Information provided =>
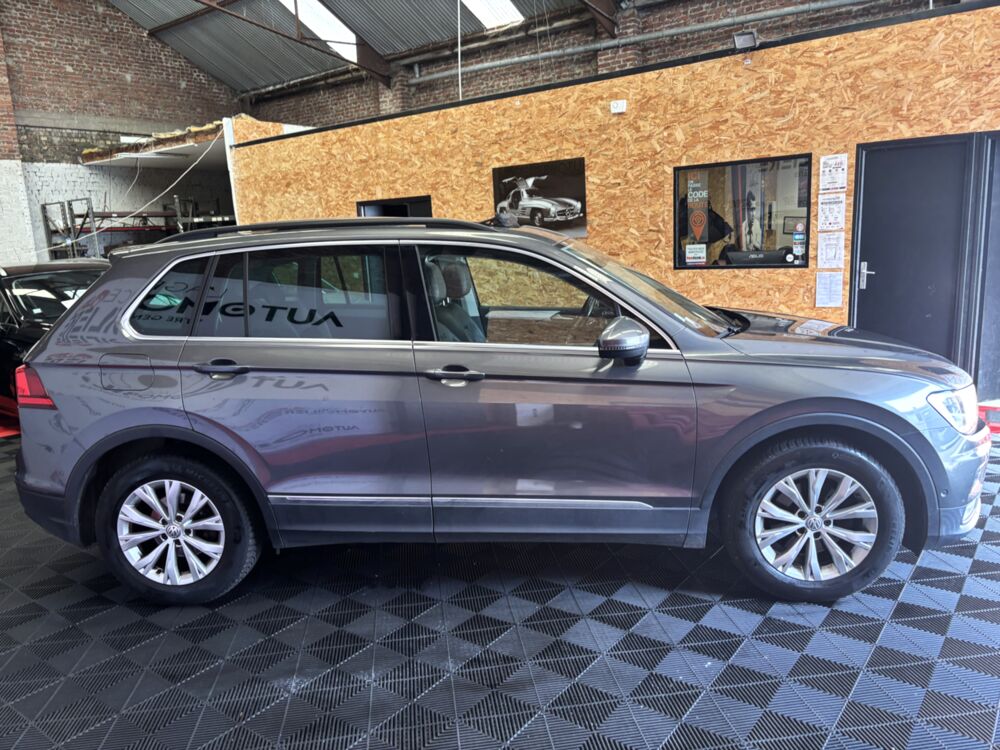 Tiguan 2l TDI 150cv Finition CARAT 2017 occasion 59640 Dunkerque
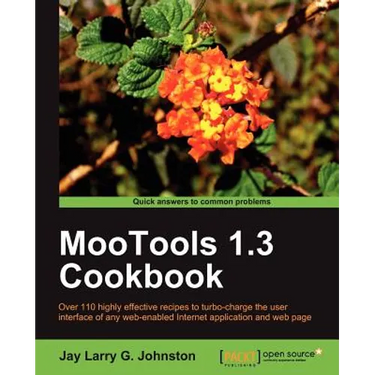 Mootools 1.3 Cookbook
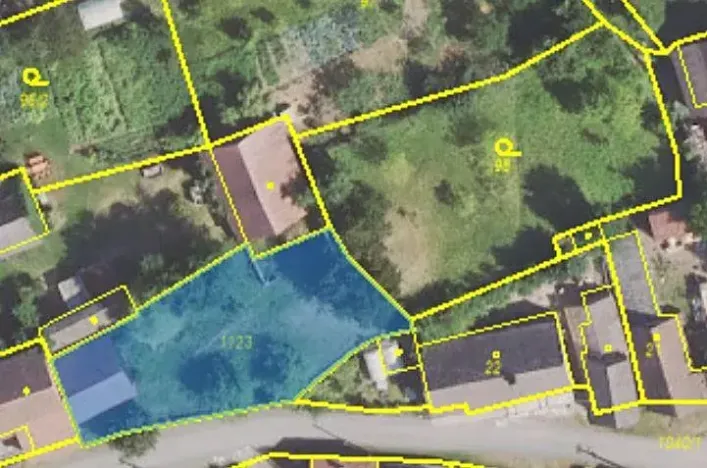 Prodej pozemku pro bydlení, Podmokly, 1379 m2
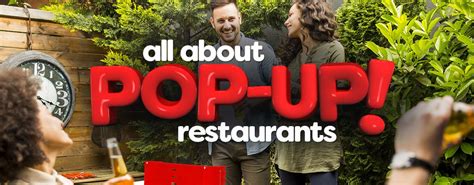 what are pop up restaurants pop up restaurant fast food restaurant restaurant offers pop up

Problem => Reproduce the data above in full, exactly as it is, with the pictures left out.

Solution =>
 Tiguan 2l TDI 150cv Finition CARAT 2017 occasion 59640 Dunkerque
 Mootools 1.3 Cookbook
 Prodej pozemku pro bydlení, Podmokly, 1379 m2
 what are pop up restaurants pop up restaurant fast food restaurant restaurant offers pop up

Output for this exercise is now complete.